Target RM17.60 (Stock Rating: REDUCE)

Public Bank’s (PBB) 9MFY14 net profit was in line with our expectation (at 74% of full-year forecast) but ahead of consensus (76%). We retain our EPS forecasts but our DDM-based target price (cost of equity of 10.3%; long-term growth of 4%) rises marginally as the valuation rollover to end-2015 was partly offset by the cut in the assumed growth rate for the interim phase from 7% to 6%, given the slowdown in loan growth. We still rate PBB a Reduce, premised on the expected (1) upturn in credit costs, (2) margin compression, and (3) weaker loan momentum.

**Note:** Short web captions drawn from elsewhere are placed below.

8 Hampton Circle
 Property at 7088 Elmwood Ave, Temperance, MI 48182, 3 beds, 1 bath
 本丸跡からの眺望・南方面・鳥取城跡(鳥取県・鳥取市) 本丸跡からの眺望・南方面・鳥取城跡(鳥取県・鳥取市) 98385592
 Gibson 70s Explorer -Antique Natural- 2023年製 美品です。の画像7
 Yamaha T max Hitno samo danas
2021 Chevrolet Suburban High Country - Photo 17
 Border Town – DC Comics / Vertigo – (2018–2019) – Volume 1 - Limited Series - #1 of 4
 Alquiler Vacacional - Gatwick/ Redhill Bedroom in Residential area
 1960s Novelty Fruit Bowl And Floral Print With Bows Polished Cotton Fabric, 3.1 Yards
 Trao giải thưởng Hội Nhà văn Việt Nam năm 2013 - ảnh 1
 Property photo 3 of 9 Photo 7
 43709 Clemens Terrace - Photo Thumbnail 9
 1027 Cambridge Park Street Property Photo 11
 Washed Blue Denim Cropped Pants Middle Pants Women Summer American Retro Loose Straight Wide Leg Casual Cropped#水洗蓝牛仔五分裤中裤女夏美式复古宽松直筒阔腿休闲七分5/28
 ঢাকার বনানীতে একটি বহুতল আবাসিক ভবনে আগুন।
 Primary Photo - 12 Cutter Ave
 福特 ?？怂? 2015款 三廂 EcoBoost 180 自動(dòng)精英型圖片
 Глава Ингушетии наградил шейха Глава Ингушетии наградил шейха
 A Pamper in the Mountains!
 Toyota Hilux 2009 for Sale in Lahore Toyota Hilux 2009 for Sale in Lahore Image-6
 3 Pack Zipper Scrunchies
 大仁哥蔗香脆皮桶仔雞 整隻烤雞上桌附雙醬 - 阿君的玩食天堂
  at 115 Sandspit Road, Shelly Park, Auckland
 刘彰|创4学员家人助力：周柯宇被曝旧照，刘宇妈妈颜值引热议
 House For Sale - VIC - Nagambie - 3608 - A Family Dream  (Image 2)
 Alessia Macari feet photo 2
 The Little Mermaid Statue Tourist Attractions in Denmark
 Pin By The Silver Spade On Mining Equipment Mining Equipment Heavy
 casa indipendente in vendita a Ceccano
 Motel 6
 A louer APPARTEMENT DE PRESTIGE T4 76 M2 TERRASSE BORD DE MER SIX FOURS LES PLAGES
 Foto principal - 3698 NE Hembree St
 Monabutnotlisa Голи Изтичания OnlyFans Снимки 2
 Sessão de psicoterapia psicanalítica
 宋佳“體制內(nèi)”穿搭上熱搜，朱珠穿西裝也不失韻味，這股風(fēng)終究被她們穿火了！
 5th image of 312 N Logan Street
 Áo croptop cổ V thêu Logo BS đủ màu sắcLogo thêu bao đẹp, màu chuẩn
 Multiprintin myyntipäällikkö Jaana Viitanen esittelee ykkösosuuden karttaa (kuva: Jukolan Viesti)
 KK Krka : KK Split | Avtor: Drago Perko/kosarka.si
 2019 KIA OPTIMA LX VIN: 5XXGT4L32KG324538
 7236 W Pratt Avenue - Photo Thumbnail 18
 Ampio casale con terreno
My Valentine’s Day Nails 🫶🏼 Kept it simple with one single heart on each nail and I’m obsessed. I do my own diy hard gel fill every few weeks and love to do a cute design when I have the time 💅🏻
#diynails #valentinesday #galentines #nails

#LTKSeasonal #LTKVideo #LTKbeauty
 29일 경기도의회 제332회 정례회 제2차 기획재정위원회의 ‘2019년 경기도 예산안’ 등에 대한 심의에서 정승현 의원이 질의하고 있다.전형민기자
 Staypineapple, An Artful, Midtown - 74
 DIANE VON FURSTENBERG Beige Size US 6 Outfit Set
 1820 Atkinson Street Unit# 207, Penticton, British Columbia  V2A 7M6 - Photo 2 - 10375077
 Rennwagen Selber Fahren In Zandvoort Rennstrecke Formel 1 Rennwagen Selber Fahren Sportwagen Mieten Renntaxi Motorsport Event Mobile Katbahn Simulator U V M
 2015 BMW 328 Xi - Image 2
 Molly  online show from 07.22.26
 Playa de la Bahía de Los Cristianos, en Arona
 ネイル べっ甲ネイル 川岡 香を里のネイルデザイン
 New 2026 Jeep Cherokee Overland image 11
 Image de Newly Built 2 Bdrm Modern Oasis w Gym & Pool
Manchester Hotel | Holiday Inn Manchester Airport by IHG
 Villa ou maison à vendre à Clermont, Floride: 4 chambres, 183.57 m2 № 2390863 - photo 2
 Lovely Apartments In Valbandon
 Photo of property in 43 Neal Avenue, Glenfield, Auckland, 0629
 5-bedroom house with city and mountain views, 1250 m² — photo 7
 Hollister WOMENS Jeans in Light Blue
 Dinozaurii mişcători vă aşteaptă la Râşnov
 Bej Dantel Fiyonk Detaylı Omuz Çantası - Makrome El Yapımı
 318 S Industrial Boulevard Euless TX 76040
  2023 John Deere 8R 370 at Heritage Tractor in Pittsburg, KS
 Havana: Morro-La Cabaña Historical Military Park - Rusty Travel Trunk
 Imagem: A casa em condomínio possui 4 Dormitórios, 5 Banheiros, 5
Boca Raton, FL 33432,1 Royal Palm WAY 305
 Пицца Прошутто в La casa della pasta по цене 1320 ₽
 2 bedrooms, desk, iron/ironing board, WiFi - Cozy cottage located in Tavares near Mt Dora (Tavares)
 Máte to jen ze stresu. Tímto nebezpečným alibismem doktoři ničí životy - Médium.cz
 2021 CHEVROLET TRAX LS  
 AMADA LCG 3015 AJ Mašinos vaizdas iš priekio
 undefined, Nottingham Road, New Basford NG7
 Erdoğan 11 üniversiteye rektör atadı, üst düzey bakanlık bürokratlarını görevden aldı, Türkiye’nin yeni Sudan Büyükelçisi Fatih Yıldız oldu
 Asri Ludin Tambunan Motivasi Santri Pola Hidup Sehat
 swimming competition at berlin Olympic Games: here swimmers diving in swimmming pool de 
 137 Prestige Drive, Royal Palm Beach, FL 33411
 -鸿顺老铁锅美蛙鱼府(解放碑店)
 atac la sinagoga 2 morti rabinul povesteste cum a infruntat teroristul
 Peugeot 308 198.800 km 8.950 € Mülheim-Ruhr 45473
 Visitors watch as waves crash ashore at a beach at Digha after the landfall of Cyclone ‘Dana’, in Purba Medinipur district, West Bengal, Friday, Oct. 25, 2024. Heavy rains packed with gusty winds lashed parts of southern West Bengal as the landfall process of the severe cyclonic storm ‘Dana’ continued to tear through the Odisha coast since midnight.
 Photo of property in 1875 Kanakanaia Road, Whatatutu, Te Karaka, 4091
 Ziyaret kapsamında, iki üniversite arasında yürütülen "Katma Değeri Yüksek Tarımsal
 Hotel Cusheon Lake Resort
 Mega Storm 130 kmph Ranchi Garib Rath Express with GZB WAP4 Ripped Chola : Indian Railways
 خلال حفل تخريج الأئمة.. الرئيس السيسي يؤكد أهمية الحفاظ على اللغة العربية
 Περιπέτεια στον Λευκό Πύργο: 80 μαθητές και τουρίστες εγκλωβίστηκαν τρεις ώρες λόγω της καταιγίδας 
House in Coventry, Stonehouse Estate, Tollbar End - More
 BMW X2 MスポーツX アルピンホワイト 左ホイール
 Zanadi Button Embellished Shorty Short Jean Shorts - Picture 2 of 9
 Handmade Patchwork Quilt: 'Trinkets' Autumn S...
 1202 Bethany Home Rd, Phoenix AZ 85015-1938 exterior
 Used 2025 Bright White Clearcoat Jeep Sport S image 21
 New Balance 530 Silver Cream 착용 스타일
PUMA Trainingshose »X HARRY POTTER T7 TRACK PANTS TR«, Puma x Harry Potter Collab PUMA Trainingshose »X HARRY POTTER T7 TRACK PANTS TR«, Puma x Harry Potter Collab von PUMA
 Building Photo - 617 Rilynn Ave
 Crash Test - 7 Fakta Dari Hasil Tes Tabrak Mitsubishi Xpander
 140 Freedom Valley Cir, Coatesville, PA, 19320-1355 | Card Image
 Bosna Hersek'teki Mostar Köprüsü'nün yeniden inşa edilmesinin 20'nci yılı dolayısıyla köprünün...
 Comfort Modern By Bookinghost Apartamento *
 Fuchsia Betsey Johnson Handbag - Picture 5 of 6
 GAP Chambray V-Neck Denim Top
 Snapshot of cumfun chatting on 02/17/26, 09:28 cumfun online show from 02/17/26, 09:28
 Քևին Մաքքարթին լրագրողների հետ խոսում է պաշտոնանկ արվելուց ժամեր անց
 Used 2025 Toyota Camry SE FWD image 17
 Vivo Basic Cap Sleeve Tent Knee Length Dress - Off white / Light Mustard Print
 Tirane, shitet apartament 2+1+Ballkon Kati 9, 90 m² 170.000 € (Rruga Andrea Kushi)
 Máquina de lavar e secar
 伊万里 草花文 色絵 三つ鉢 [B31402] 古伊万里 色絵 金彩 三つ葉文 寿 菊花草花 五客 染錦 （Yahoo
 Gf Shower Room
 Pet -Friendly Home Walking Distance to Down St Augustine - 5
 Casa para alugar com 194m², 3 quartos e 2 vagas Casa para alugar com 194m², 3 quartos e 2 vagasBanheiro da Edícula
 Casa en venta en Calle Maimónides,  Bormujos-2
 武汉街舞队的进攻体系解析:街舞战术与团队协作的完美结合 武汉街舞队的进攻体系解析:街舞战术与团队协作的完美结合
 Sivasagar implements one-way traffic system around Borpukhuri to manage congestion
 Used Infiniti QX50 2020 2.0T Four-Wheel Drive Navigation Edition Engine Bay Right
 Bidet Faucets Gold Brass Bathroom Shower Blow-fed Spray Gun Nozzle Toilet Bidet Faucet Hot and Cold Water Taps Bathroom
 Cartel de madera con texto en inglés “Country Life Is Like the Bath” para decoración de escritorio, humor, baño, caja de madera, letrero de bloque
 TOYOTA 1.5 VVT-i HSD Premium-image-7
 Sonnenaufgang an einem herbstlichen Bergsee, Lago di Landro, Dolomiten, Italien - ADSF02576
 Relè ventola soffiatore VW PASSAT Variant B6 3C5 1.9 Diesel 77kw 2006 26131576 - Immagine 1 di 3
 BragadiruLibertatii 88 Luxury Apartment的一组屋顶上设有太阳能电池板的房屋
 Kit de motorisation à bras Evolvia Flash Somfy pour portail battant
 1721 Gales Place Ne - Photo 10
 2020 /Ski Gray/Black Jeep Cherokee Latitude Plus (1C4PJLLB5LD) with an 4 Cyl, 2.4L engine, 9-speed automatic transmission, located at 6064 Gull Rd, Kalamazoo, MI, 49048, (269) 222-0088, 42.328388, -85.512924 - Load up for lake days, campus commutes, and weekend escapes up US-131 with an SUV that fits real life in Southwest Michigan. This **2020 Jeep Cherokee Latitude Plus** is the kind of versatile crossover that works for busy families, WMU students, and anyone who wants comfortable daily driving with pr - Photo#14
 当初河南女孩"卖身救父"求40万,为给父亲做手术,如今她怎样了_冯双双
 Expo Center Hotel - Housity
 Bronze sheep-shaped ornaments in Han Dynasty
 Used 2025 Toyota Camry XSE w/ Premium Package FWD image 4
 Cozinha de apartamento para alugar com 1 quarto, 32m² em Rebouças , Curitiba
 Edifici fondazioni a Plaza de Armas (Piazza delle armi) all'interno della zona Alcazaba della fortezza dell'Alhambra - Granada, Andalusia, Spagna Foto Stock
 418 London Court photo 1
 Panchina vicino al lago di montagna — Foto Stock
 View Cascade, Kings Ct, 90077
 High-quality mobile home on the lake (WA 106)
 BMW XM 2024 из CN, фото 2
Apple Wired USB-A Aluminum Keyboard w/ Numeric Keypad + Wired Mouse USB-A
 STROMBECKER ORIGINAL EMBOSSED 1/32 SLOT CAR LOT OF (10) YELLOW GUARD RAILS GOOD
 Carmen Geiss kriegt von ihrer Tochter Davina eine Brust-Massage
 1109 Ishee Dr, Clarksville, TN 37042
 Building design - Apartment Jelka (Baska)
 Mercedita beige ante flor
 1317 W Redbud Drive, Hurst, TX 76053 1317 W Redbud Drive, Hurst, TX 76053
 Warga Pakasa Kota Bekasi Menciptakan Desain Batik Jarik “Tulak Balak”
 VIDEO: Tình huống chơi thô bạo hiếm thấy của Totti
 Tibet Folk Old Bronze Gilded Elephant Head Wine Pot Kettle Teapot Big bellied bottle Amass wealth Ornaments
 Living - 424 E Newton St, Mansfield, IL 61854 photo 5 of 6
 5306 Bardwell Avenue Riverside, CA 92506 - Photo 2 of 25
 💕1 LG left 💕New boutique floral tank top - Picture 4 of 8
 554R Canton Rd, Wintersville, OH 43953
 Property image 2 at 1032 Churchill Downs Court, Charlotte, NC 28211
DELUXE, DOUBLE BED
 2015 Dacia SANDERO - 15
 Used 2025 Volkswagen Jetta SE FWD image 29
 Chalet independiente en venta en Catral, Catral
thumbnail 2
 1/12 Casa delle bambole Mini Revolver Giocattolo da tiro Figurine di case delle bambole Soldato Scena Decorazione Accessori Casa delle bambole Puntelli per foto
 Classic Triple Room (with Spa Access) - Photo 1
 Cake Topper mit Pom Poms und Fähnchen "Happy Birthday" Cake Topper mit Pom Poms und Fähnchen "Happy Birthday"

We prefer Maybank.

Positive 3Q14 developments not sustainable
PBB’s net profit growth of 13.8% yoy in 3Q14 was the strongest in the past three years. This was underpinned by (1) stabilisation of the net interest margin, as a result of the bank's active asset-liability management to expand its loans faster than deposits, and (2) a 54.8% yoy plunge in loan-loss provisioning (LLP). However, the above would not be sustainable, in view of the following (1) given the tight liquidity, PBB will need to speed up its deposit growth to support the loan expansion, and (2) the 3Q14 credit charge-off rate was low, at only 8bp, compared to a sustainable level of 20-30bp.

Slower loan growth
Loan growth moderated further from 10.8% yoy in Jun 14 to 10.2% in Sep 14, in line with the industry’s trends. Most major loan segments, including property and auto loans, posted weaker growth in Sep 14, but the growth in working capital loans improved from 13.7% yoy in Jun 14 to 15.2% yoy in Sep 14.

Stable asset quality
The gross impaired loan ratio stayed at 0.65% in Jun-Sep 14, while the loan-loss coverage inched down from 117.6% in Jun 14 to 117.1% in Sep 14.

Maintain Reduce call
We advise investors to reduce their holdings in PBB, due to the concerns over expected margin contractions and the uptick in credit costs.